Students jolt us to face issue
- Pastor Ray McCauley
- Apr 15, 2015
- 3 min read

What the students of the University Of Cape Town (UCT) have done this past week - mounting a protest that led to the removal of the statue of Cecil John Rhodes from their campus - opens up the subject of political statues, why we erect them and how society comes to choose the people to be embodied in bronze or stone.
Coming from a divided past and given that political statues represent an implicit political statement, there is no way our country was ever going to escape the contentiousness of statues. It is an indictment on society's leadership that students have had to force us to have a discourse on this potentially divisive issue.
Parliament, government and the department of arts and culture, in particular, should have long initiated a discussion on this subject. Ditto academics. I put emphasis on the department of arts and culture because it is the one that is supposed to lead us in the discourse of nationalism and the political aesthetics of our nation.
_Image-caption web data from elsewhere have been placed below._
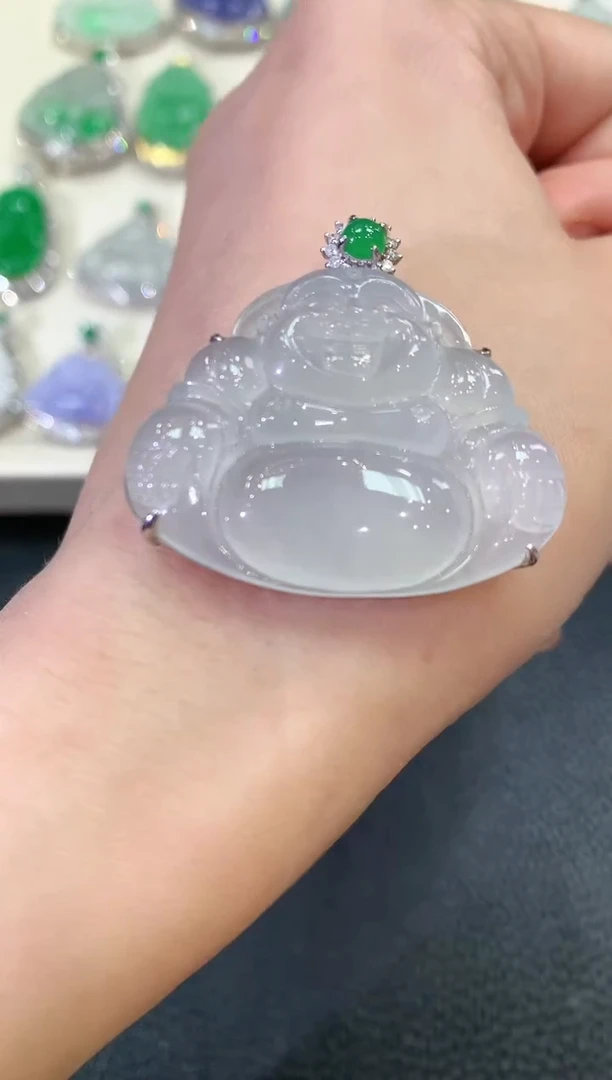 【闪购商品】翡翠吊坠(不含链)18K金镶嵌B139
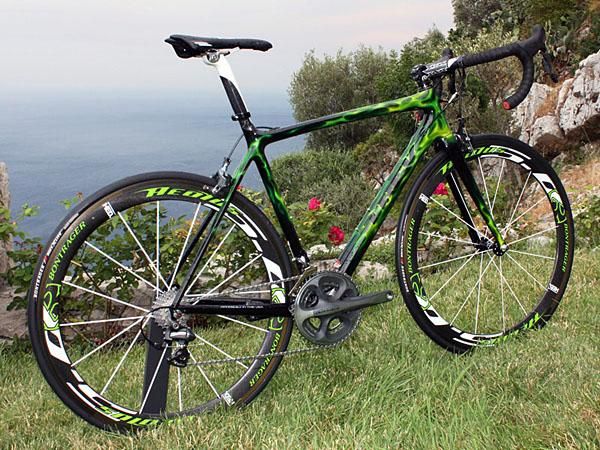 In addition to the standard range of Project One custom options, Trek will also offer special 'Signature Series' versions with more elaborate paint schemes.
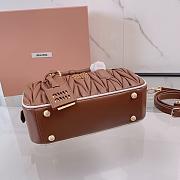 Miu Miu Brown Matelassé Leather Arcadie Size 22x10x7cm - 4
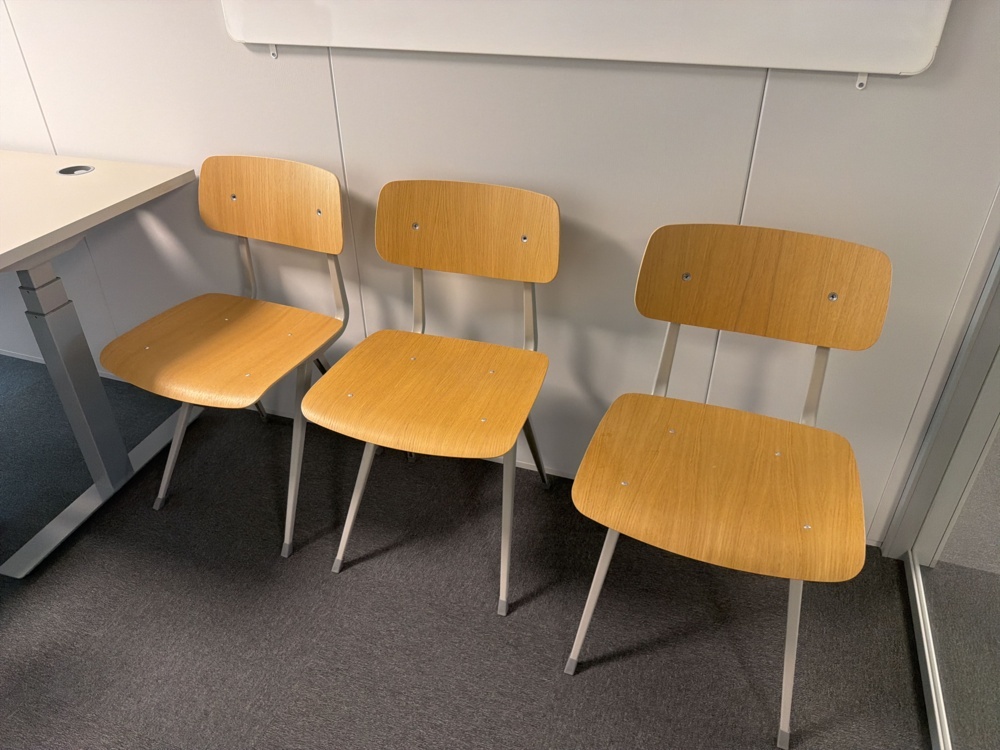 1566104-2 Kontorsarbetsplats med diverse kontorsmöbler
There is very little literature out there on what South African statues tell and the politics of choosing symbols both historically and in contemporary South Africa.
Perhaps it is the potential to polarize society that has encouraged our "head-in-the-sand" approach to this matter. But the students have jolted us into confronting the subject. We may make light of their activism and scoff theirs as a frivolous cause. Of course, there are some who have opportunistically latched on to the students protest. But still, that does not detract from the fact that we must face the issue, debate it and find consensus. Postponing it will be burdening future generations with something we should have resolved.
I agree with the view that our political aesthetics as expressed by the statues that currently dominate our public squares is not fully representative. The question though is: do we make it representative by destroying existing statues or by embarking on an aggressive programme to reproduce symbols that will build a new heritage architecture? It would seem to me that the solution lies more with the latter. We need a new heritage architecture programme that is well funded, well thought out and will reflect the hitherto hidden heritage of our nation.
And I say so fully conscious that what may be a hero to one section of our society may be a villain to another. But even the statues of villains should be preserved for posterity if only to remind those who will come after us how not to do things. The question is where we preserve them. And here we must tread carefully. The last thing we want is for one section of our society being made to feel alienated or not part of the South African nation. That will set us a few decades ago in our effort to build a united nation.
I agree with the opinion proffered by Advocate George Bizos that the statues considered to be offensive should not be destroyed but kept in museums as reminders of history but, critically, as instruments of progress calling attention to actions, events and personalities that will encourage reflection and discourage a repeat of the past. A history forgotten or obliterated is likely to repeat itself.
Equally, I agree with the sentiment expressed by President Jacob Zuma that history is made of the good and the bad. For a full appreciation and understanding of history, one does not tear off from a history textbook those pages reflect the bad. We need a mature and nation-building approach to the matter of statues. Destroying and defacing them is not the way to go.
While this matter has been brought to the fore by the UCT students, we would be fooling ourselves if we do not read the undertones beneath their action. This is so much about offensive symbols as it is about the transformation of their university and indeed of society in general. We have been here before.
In 1976 students in Soweto took the streets to protest against being taught in Afrikaans. Some chose to see their action as being simply about Afrikaans while others scoffed at their action and saw it as a cause of no consequence. But we today know that it was far bigger than that. Unfortunately, some were fast asleep during the revolution and only asked after it had ended: what happened?
I do hope society, university authorities and the country's political leadership will read correctly the signals being sent by this emerging student activism lest we all wake up later and ask: what happened?